Cabe ainda dizer que, mais do que garantir os nossos empregos ou lutar por condições mais dignas e favoráveis de trabalho no campo da saúde, a nossa intenção com este texto é manifestar publicamente a nossa insatisfação com esta situação e, sobretudo, defender o CAPS. Em se tratando do Itapeva, o CAPS mais antigo do Brasil, o primeiro a experimentar a clínica ampliada, que alojou àqueles que participaram da sua invenção (antes mesmo deste projeto se constituir como lei) e que estavam atravessados pelas experiências de Reforma no mundo, a saber: a psicoterapia institucional francesa, a desistitucionalização italiana, dentre outras; e que fizeram valer, desde 1987, a proposição de Basaglia de que é possível e desejável uma clínica que coloque a doença entre parênteses e cujo foco seja a existência/sofrimento, e que, no dizer dos simpatizantes da psicanálise, uma clínica cujo foco é o sujeito.

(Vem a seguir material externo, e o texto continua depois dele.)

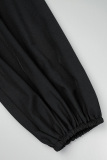 Black Casual Solid Frenulum Slit V Neck Long Sleeve Dresses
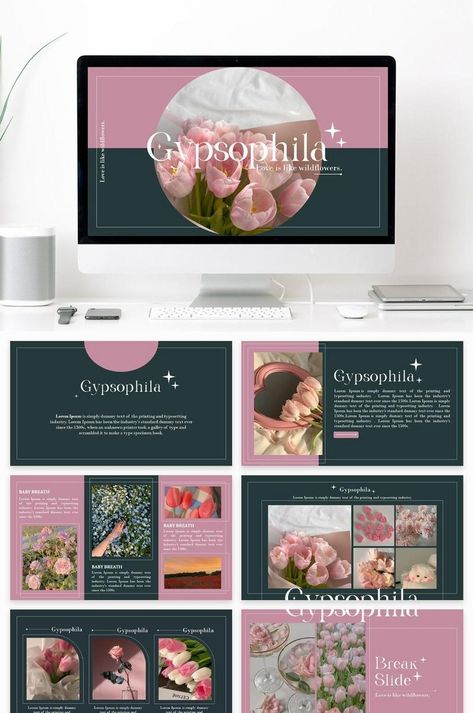 Gypsophilia Pink Green Powerpoint Template Pink#pikbest#powerpoint Web Design, Cute Powerpoint Templates, Power Points, Template Design, Pptx Templates, Powerpoint Design Templates, Powerpoint Designs, Power Point Slides, Cool Powerpoint Templates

Enfim, a nossa indignação pode ser ainda explicitada com estas perguntas: Como essas pessoas - impregnadas por um discurso médico e psiquiatrizante, que estiveram ao longo de seus itinerários formativos e de trabalho, tão alienadas destes movimentos históricos e sociais, especialmente, da reforma psiquiátrica, movimento este que dá norte a todos os CAPS -, podem gerenciar este projeto? Como entregar nas mãos desses que se dizem especialistas em cuidar de pacientes com “transtornos mentais graves” (como eles gostam de dizer) e, que ao fazer o gerenciamento do serviço a seu bel prazer, desconsideram o vínculo? Como deixar que estes gestores administrem um equipamento deste porte como uma empresa e não como um serviço de saúde, viabilizando ações que banalizam os efeitos da ruptura para os pacientes psicóticos? Que tipo de lugar tem a clínica para eles? Qual o compromisso com os usuários? O que fazer para impedir esse desmantelamento de um trabalho coletivo construído há anos cuja aposta é fortalecer uma clínica artesanal, inevitavelmente implicada com as ações e com o desejo de cada um? Em suma, como aceitar tamanha contradição?